> [About this exercise] Leave out the pictures and copy the remaining records exactly.

Captioned web images:
===============

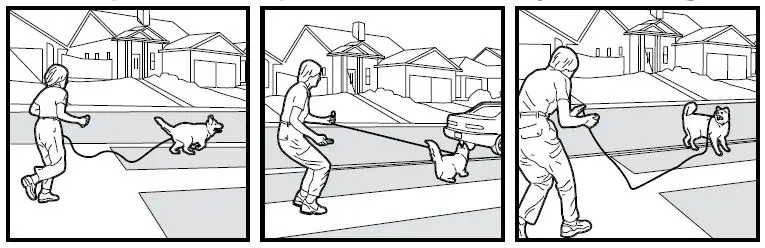 SmartPet-E300-Dog-Training-Collar-fig-15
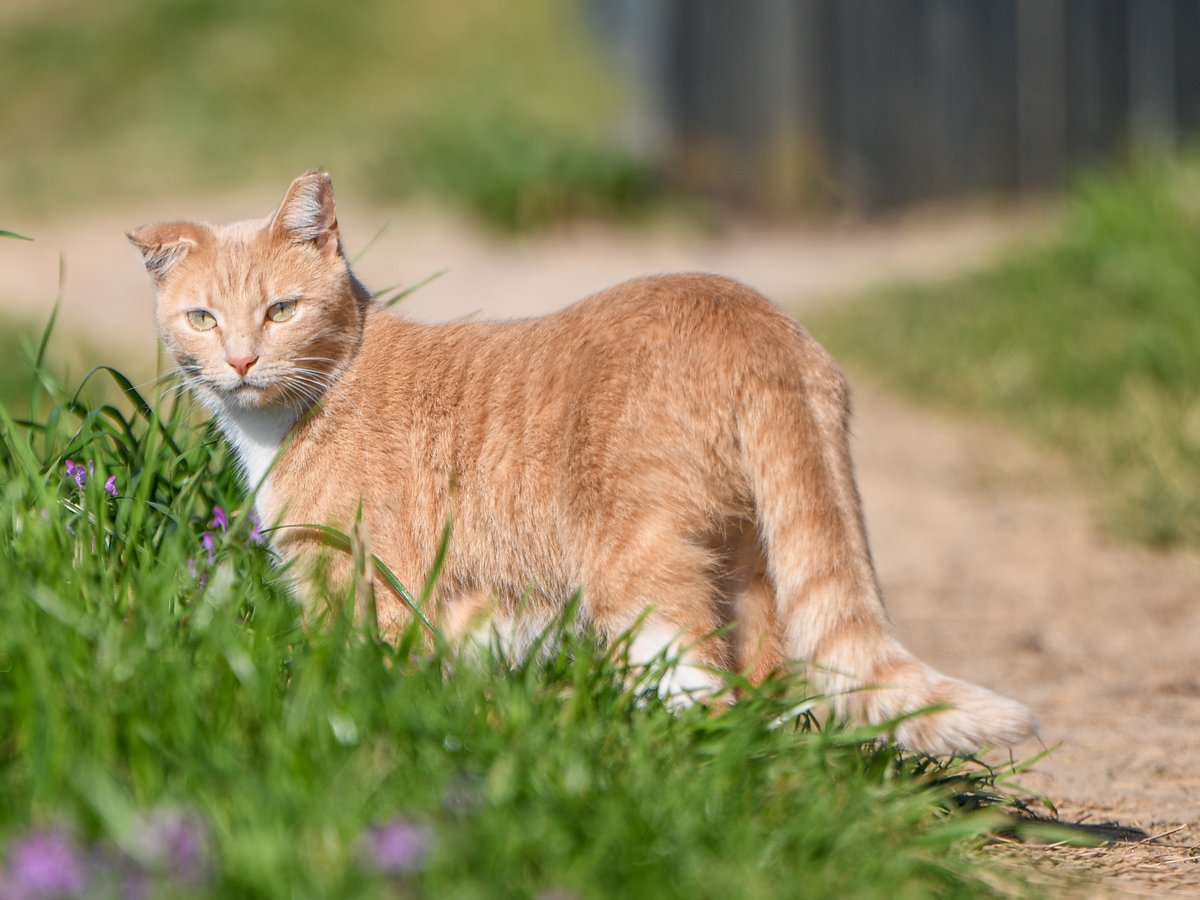 Robert Yates tweet media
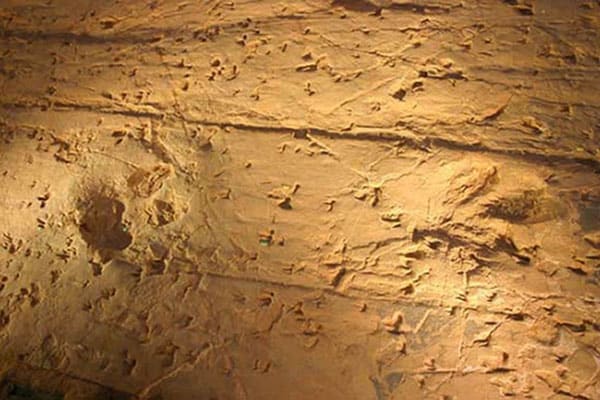 Dinosaur Fossilized Footprints in the Lark Quarry Dinosaur Trackways 4 Lark Quarry Dinosaur Trackways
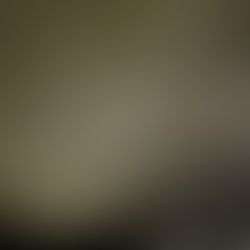 メンバーから皆様へ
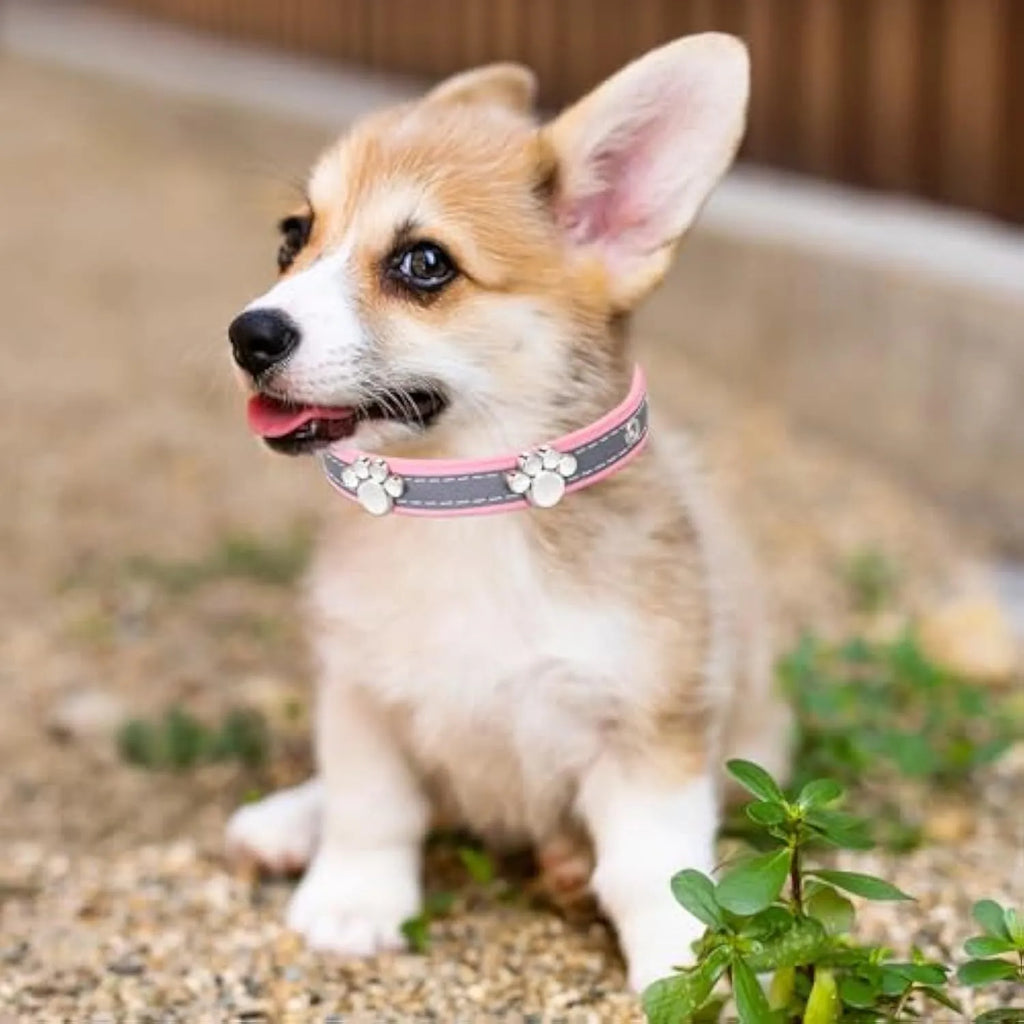 Reflective brown PU leather dog collar with metal buckle and decorative paw-shaped rivet.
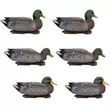 Final Approach Live Early Season Mallards 6pcs - Decoys - 071617045601 - 1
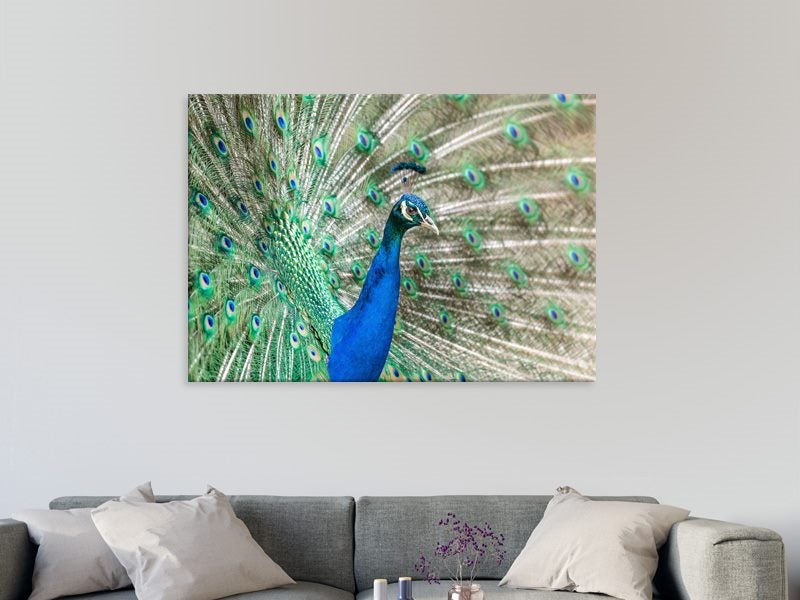 Peacock - Bird Art - Contemporary Art - Blue Green - Wall Art - Art Prints Carousel 2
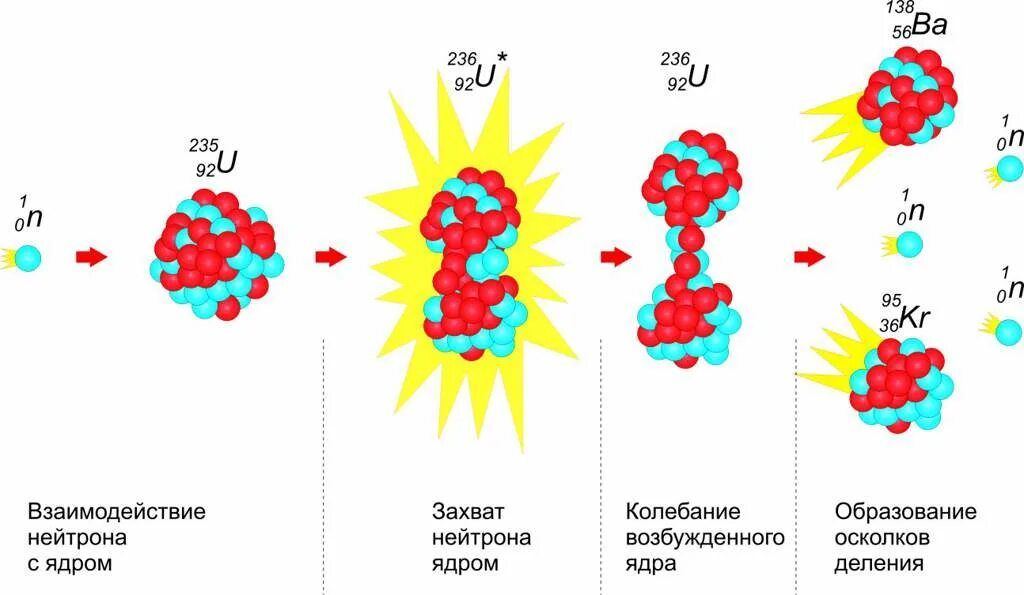Процесс деления ядра урана схема. Схема цепной реакции деления урана. Схема ядерной реакции урана. Цепные ядерные реакции деления ядер урана. В результате распада нейтрона образуются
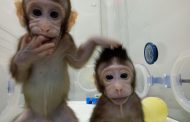 ¡Ojo! Ya nacieron nuestros primos Zhong Zhong y Hua Hua, dos monos surgidos de la primera clonación de primates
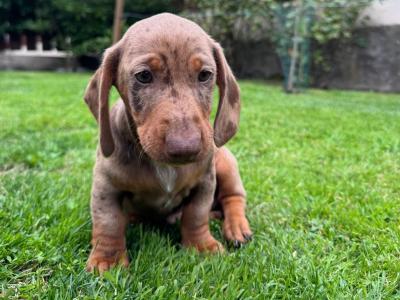 Male Dachshund puppy in Longford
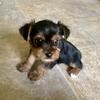 Beautiful yorkies boys and girls 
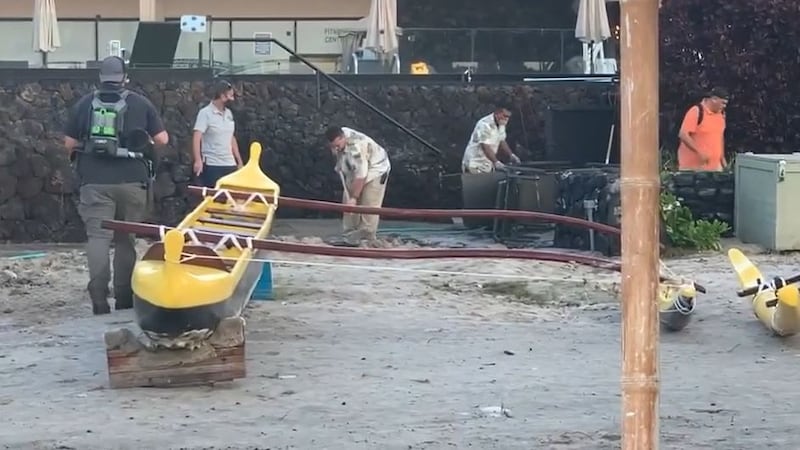 Around 3 a.m. Saturday, Vera Cruz ventured down to the shore to assess the damage — where he...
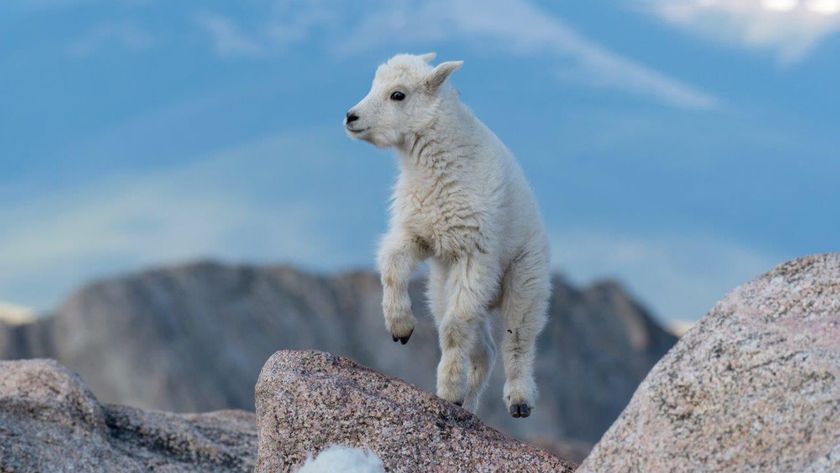 GuruShots - Animal Kingdom 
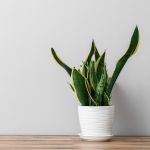 Sansevieria "Snake" plant in a white planter sitting on a wood floor.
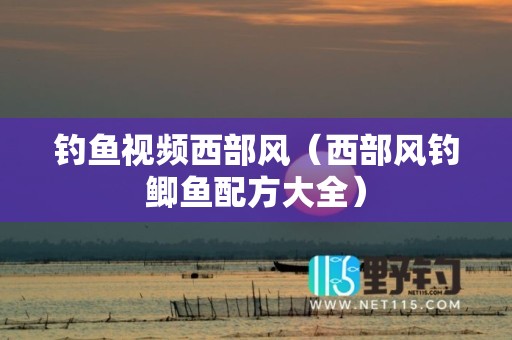 钓鱼视频西部风（西部风钓鲫鱼配方大全）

===============

> [Solution for this exercise]
 SmartPet-E300-Dog-Training-Collar-fig-15
 Robert Yates tweet media
 Dinosaur Fossilized Footprints in the Lark Quarry Dinosaur Trackways 4 Lark Quarry Dinosaur Trackways
 メンバーから皆様へ
 Reflective brown PU leather dog collar with metal buckle and decorative paw-shaped rivet.
 Final Approach Live Early Season Mallards 6pcs - Decoys - 071617045601 - 1
 Peacock - Bird Art - Contemporary Art - Blue Green - Wall Art - Art Prints Carousel 2
Процесс деления ядра урана схема. Схема цепной реакции деления урана. Схема ядерной реакции урана. Цепные ядерные реакции деления ядер урана. В результате распада нейтрона образуются
 ¡Ojo! Ya nacieron nuestros primos Zhong Zhong y Hua Hua, dos monos surgidos de la primera clonación de primates
 Male Dachshund puppy in Longford
 Beautiful yorkies boys and girls 
 Around 3 a.m. Saturday, Vera Cruz ventured down to the shore to assess the damage — where he...
 GuruShots - Animal Kingdom 
 Sansevieria "Snake" plant in a white planter sitting on a wood floor.
 钓鱼视频西部风（西部风钓鲫鱼配方大全）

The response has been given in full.